TRY IT
The pictures are to be left out, and all remaining data is to be transcribed exactly as it appears.

DATA BELOW
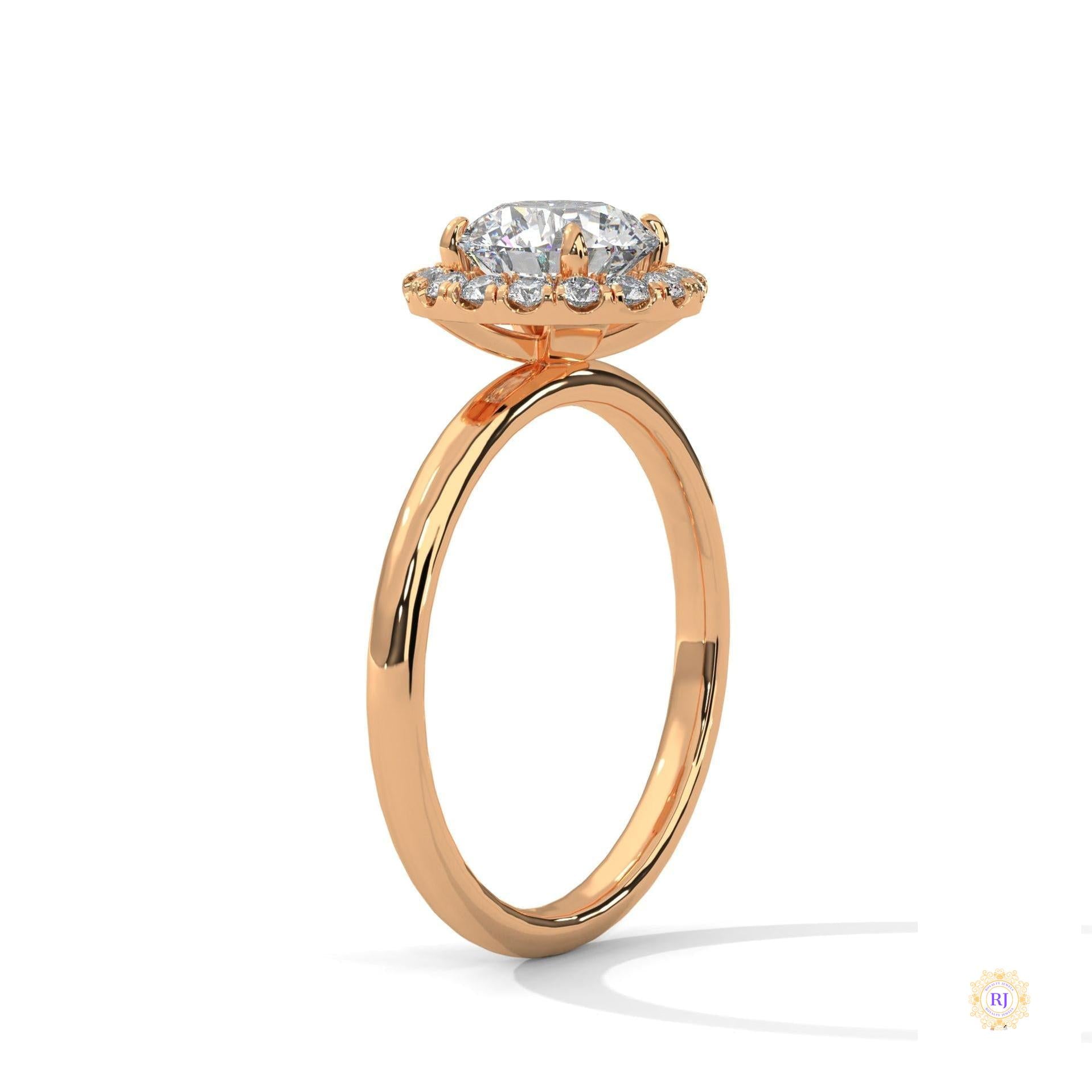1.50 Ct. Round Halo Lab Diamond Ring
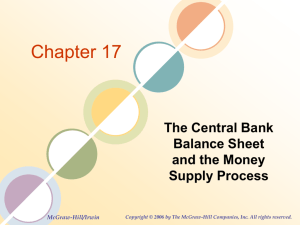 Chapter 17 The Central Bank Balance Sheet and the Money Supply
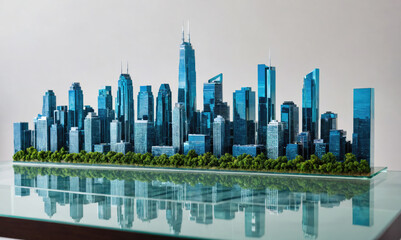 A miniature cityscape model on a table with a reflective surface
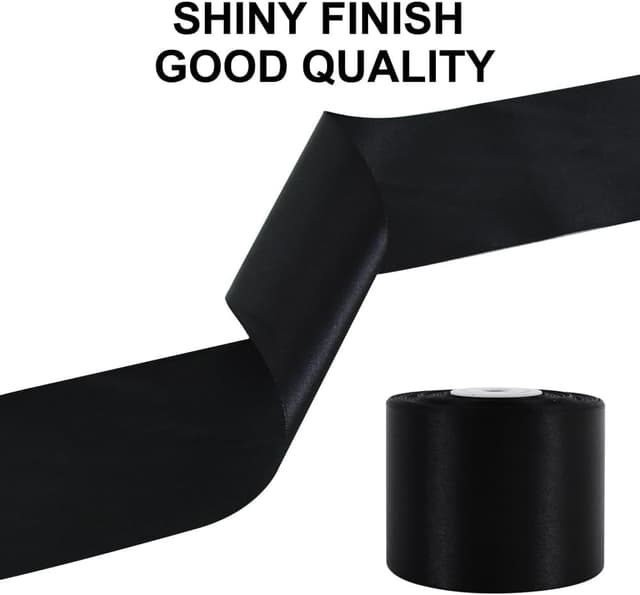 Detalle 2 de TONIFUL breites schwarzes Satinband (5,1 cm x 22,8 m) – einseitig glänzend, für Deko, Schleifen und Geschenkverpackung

FINAL ANSWER
1.50 Ct. Round Halo Lab Diamond Ring
 Chapter 17 The Central Bank Balance Sheet and the Money Supply
 A miniature cityscape model on a table with a reflective surface
 Detalle 2 de TONIFUL breites schwarzes Satinband (5,1 cm x 22,8 m) – einseitig glänzend, für Deko, Schleifen und Geschenkverpackung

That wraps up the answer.